Légendes et chansons de gestes canaques de Louise Michel - VII - Idara (bruyère) la prophétesse

Publié le 9 Avril 2019

Légendes et chansons de gestes canaques
1875
 

 

Petites Affiches de la Nouvelle Calédonie
Journal des intérêts maritime, commerciaux & agricoles
paraissant tous les mercredis.

 

Jusqu’à présent on s’est beaucoup occupé de faire prospérer la Calédonie, mais on n’a jamais senti le besoin de chercher à conserver les traditions et les légendes des tribus qui, refoulées de plus en plus, disparaîtront bientôt ou du moins verront nos us et coutumes remplacer les leurs sans qu’il en reste même de trace. Quelques voyageurs ont écrit des romans auxquels on a cru tant qu’on n y est pas venu voir, mais alors il a fallu abandonner les idées faites d’avance.

Comme le dit l’auteur des chants que nous sommes heureux de donner à nos lecteurs, il est grand temps, si l’on veut garder quelque chose de pur et d’intact des chants de ces grands enfants de la nature, et nous ne pouvons que la féliciter de la tâche entreprise par elle et menée à si bonne fin.

C’est bien là ce ton mélancolique, ce sont bien là ces chants uniformes et tristes que la nuit quelquefois l’on entend sortir d’une cour isolée ou qui s’élèvent tout à coup autour d’un brasier à demi éteint.

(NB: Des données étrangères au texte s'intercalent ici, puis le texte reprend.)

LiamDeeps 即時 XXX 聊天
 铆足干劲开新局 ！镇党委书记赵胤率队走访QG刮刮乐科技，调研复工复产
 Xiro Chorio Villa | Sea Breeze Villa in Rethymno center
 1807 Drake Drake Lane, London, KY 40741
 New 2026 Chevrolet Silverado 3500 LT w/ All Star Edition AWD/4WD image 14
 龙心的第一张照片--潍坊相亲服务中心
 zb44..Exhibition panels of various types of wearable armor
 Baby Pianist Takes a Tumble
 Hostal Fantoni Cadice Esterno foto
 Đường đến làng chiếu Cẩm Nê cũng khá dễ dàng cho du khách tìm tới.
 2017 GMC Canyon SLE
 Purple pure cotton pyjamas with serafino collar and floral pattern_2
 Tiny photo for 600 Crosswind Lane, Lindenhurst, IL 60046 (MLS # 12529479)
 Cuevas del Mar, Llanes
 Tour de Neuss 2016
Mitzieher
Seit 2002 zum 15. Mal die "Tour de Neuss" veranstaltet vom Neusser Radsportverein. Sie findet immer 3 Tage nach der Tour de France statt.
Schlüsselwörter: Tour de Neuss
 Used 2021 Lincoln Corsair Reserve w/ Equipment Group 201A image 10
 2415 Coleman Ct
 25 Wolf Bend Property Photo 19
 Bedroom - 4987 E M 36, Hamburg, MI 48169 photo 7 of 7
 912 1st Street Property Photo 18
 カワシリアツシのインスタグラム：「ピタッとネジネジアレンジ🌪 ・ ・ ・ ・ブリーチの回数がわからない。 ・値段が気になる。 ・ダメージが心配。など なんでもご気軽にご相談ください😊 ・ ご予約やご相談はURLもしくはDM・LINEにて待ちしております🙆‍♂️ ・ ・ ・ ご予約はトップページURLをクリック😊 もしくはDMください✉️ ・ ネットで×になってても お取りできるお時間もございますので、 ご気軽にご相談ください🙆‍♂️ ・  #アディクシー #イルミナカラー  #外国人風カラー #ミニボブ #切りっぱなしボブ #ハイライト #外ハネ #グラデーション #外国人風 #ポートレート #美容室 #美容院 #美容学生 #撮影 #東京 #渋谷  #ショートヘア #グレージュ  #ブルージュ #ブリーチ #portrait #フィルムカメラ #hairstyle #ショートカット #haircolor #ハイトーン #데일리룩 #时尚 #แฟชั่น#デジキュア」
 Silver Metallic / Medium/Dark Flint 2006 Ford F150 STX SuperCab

C’est bien là ce chant de guerre que doivent vociférer nos insulaires ; les pilous pilous pacifiques que nous avons autrefois vu exécuter à Nouméa peuvent nous en donner une idée. Mais ne retardons pas plus longtemps le plaisir que procurera certainement à nos lecteurs le travail inédit que nous lui offrons :

VII
Idara (bruyère) la prophétesse

Elle est assise sous les cocotiers, Idara la prophétesse.

Autour d’elle sont les jeunes filles menant la danse du soir.

Devant elle, les jeunes gens jouent, quand elle se tait, de la flûte de roseaux, pour la laisser se reposer et l’applaudir.

À ses côtés sont les vieillards et les guerriers ; à ses pieds les enfants et les femmes.

Idara est la fille des tribus, elle a combattu avec les braves contre les hommes pâles.

Idara est la mère des héros ; c’est elle qui panse leurs blessures avec la feuille mâchée de la liane cueillie au clair de la lune. C’est elle qui leur donne le breuvage réchauffant du bouis ; c’est elle encore qui les endort avec le chant magique.

Écoutez, vieillards, Idara va parler !

Elle ouvre sa bouche aux dents tremblantes dont les pointes sont émoussées. Quand les Blancs sont venus dans les grandes pirogues, nous les avons maudits, car ils nous attaquaient avec la foudre et nous n’avions que les flèches, la sagaie et les haches de pierre.

Ils ont semé leurs grains sur les terres des tribus ; ils ont élevé leurs villages de pierres dans les vallées, aux endroits que nous choisissions pour les nôtres, près des cours d’eau et des cocotiers : sous les rochers qui abriteront les pirogues.

Les hommes blancs ont vu les vallées pleines de bananiers et d’ignames, les montagnes couvertes de taros ; ils ont vu tous les tillits des cases et ils ont regardé tout cela d’un œil de mépris.

Les Blancs se sont promenés le long des grands fleuves et ils ont pris en pitié nos cultures ! Mais vous avez des instruments pour ouvrir la terre, ô Blancs ! et nous n’avons que les bâtons, le feu et la hache ! !

Si vous étiez réduits aux seules ressources de la nature, seriez-vous plus que nous ?

Et quelles que soient vos richesses, vous avez quelque chose à nous envier, puisque vous venez de l’autre rive du grand lac vers la terre des tribus.

Nous vous avons combattus et nous vous avons maudits, vous qui venez vous emparer de notre sol.

Nous vous combattrons et nous vous maudirons encore. Mais qui donc vous mène ? et quels souffles ont poussé vos pirogues !

Faudrait-il qu’un jour les tribus se mêlent de tous les points du monde à travers toutes les mers !

Soufflez, ô jeunes gens, dans les flûtes de roseaux ! Idara a parlé !

Vieillards, à vous de conter, la tribu écoute.